Data shown
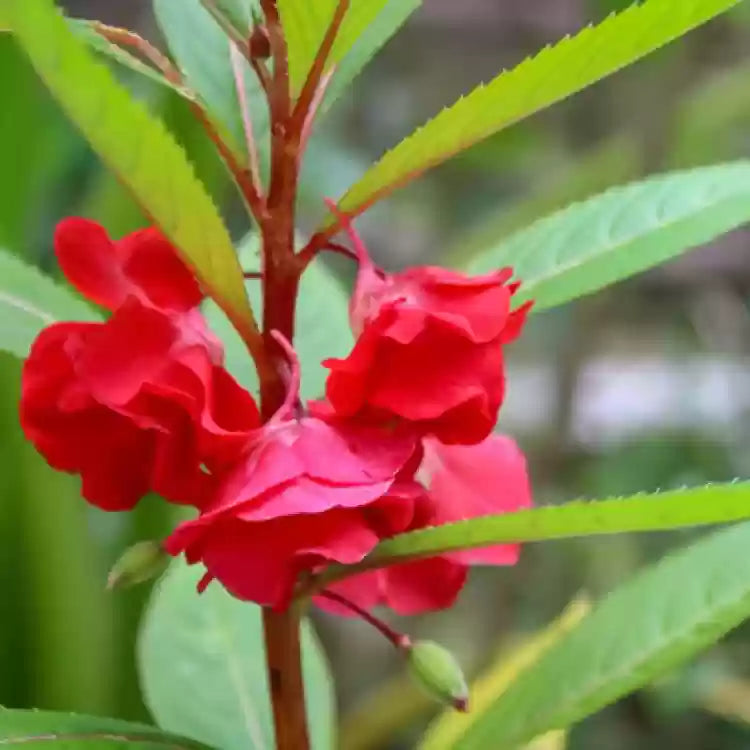 Balsamine Flower seeds for Planting - Sun Loving, Heirloom & GMO Free Seeds for Home Garden
 
 Sale seeds for planting in home garden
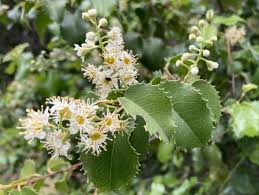Image result for Cassinopsis ilicifolia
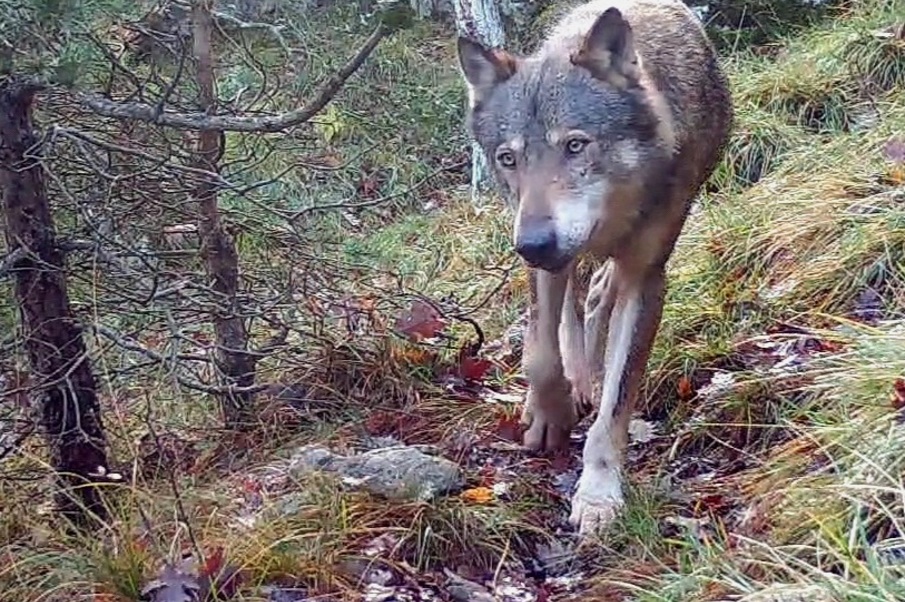 Monitoring wolf packs in the Boréon / Valdeblore / Venanson / Madone area to understand the movements, use of space and distribution of the packs present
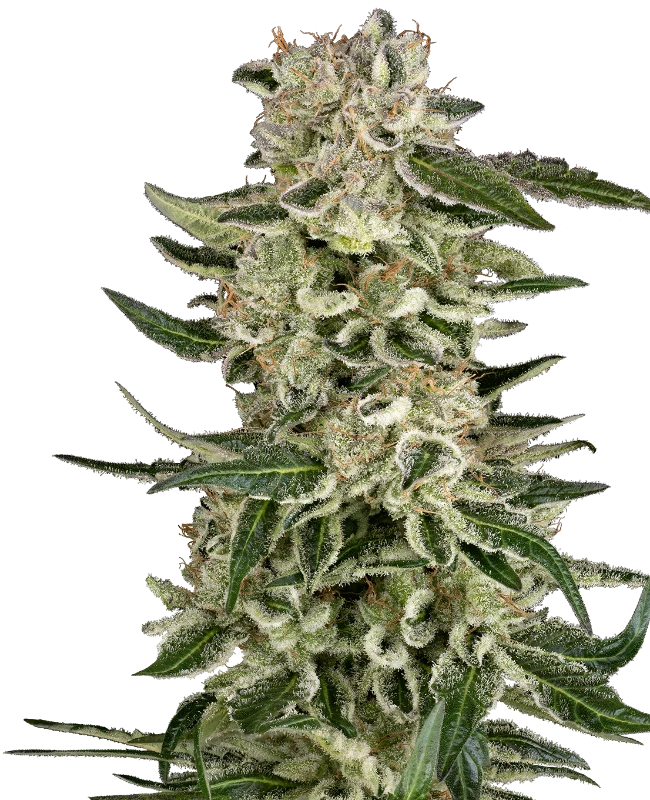 Auto Sunset Sherbet (Feminisiert) Sensi Seeds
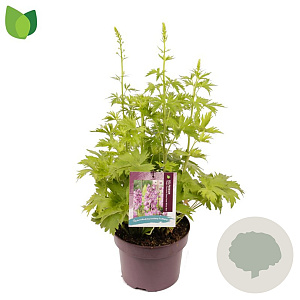 Delphinium 'M F Deep R. White Bee' GM C5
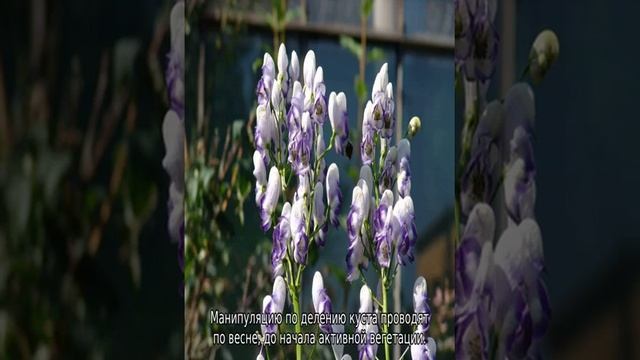 A2a5decebff27cf32eb65062595780e0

What the task requires
Every line from the one with "Image result for Cassinopsis ilicifolia" through the end of the records above belongs in the answer, copied exactly; no picture does.

Written reply
Image result for Cassinopsis ilicifolia
 Monitoring wolf packs in the Boréon / Valdeblore / Venanson / Madone area to understand the movements, use of space and distribution of the packs present
 Auto Sunset Sherbet (Feminisiert) Sensi Seeds
 Delphinium 'M F Deep R. White Bee' GM C5
 A2a5decebff27cf32eb65062595780e0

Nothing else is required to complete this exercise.